Aplastic or twig-like middle cerebral artery harboring unruptured cerebral aneurysms treated by clipping and bypass surgery: illustrative case

Ayako Takarada 1, Kiyoyuki Yanaka 1, Kuniyuki Onuma 1, Kazuhiro Nakamura 1, Nobuyuki Takahashi 2, Eiichi Ishikawa 3,
PMCID: PMC9265206  PMID: 35854945

Abstract

BACKGROUND

Aplastic or twig-like middle cerebral artery (Ap/T-MCA) is a congenital MCA anomaly. It may present with symptoms of both hemorrhage and ischemia, similar to moyamoya disease, and hemodynamic stress may play an essential role in the development of symptoms in both clinical entities. The optimal treatment remains controversial in symptomatic patients with Ap/T-MCA. This report discussed the treatment method for a patient with Ap/T-MCA with unruptured aneurysms who presented with intraventricular hemorrhage (IVH) treated by aneurysm clipping and bypass surgery.

OBSERVATIONS

In a 46-year-old woman with a sudden headache, computed tomography showed left IVH. Magnetic resonance angiography showed a left MCA aneurysm and MCA trunk stenosis. Three-dimensional angiography demonstrated a plexiform arterial network and multiple aneurysms arising from the MCA and in the plexiform network, leading to the diagnosis of Ap/T-MCA harboring unruptured aneurysms. The patient was successfully treated by craniotomy with aneurysm clipping and bypass surgery to prevent further intracranial hemorrhages and/or aneurysm rupture.

LESSONS

Especially in cases such as Ap/T-MCA, in which hemodynamic stress has a significant effect, the optimal treatment method should be based on vascular morphology and the impact of hemodynamic stress.

Keywords: aneurysm, hemodynamic stress, middle cerebral artery, twig

ABBREVIATIONS : Ap/T-MCA = aplastic or twig-like middle cerebral artery, CT = computed tomography, IVH = intraventricular hemorrhage, MMD = moyamoya disease, STA = superficial temporal artery


Aplastic or twig-like middle cerebral artery (Ap/T-MCA) is a congenital MCA anomaly in which the MCA trunk is either stenotic or occluded with a collateral plexiform network.1–10 Ap/T-MCA has been reported in 0.11% to 1.17% of all angiographic cases, showing a high prevalence in East Asia.1,3,6,11 Approximately 70% of patients with Ap/T-MCA develop hemorrhagic stroke, 20% develop ischemic stroke, and only a few are asymptomatic.1–3,6–22 These symptoms and hemodynamics resemble moyamoya disease (MMD). Patients with Ap/T-MCA who have hemorrhagic stroke often have aneurysms, as seen in 23 of 31 (74.2%) previously reported hemorrhagic stroke cases.1–3,6–11,13–22 In these patients, the optimal treatment remains controversial because it is necessary to consider both the aneurysm location and hemodynamic stress effect due to vascular malformation.

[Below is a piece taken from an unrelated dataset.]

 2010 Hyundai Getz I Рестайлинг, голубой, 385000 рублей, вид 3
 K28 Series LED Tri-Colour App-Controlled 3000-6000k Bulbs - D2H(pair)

In this article, we report a case of Ap/T-MCA with unruptured aneurysms that presented with an intraventricular hemorrhage (IVH) treated by aneurysm clipping and bypass surgery. In addition, relevant literature is reviewed.

Illustrative Case

A 46-year-old nonhypertensive woman presented to a local hospital with a sudden severe headache. Computed tomography (CT) showed IVH (Fig. 1). No subarachnoid hemorrhage was observed. The patient was treated conservatively for 2 weeks before referral to our hospital for further examination and treatment. On admission, she had no neurological deficits. IVH had already disappeared on CT and magnetic resonance imaging, but magnetic resonance angiography showed a left MCA aneurysm. The distal part of the MCA was visualized incompletely, suggesting severe stenosis just distal to the aneurysm (Fig. 2). Digital subtraction angiography of the left internal carotid artery showed an MCA aneurysm and an abnormal vascular network (Fig. 2). The vessel structure of the distal portion was normal, but delayed blood flow to the periphery was observed. There was no transdural anastomosis. Three-dimensional angiography demonstrated a plexiform arterial network and multiple aneurysms, the largest of which was 5.5 mm in diameter (Fig. 3), arising from the MCA and within the plexiform network. The diagnosis of Ap/T-MCA harboring unruptured aneurysms was made. In this patient, IVH appeared to be the result of adverse effects of hemodynamic stress caused by the plexiform network. Hemodynamic stress was also considered to be involved in the development of the aneurysms in the plexiform network.

FIG. 1.

FIG. 1.

CT scan showing left IVH.

FIG. 2.

FIG. 2.

Magnetic resonance angiography showing an aneurysm arising from the MCA. Severe stenosis of the MCA is also demonstrated (left). Digital subtraction angiogram of the left internal carotid artery showing the aneurysm and the plexiform network. The vessel structure of the distal portion is normal (right).

FIG. 3.

FIG. 3.

Three-dimensional angiogram showing the plexiform arterial network and multiple aneurysms arising from the MCA and in the plexiform network (arrow). The largest aneurysm is behind the plexiform network (arrowhead).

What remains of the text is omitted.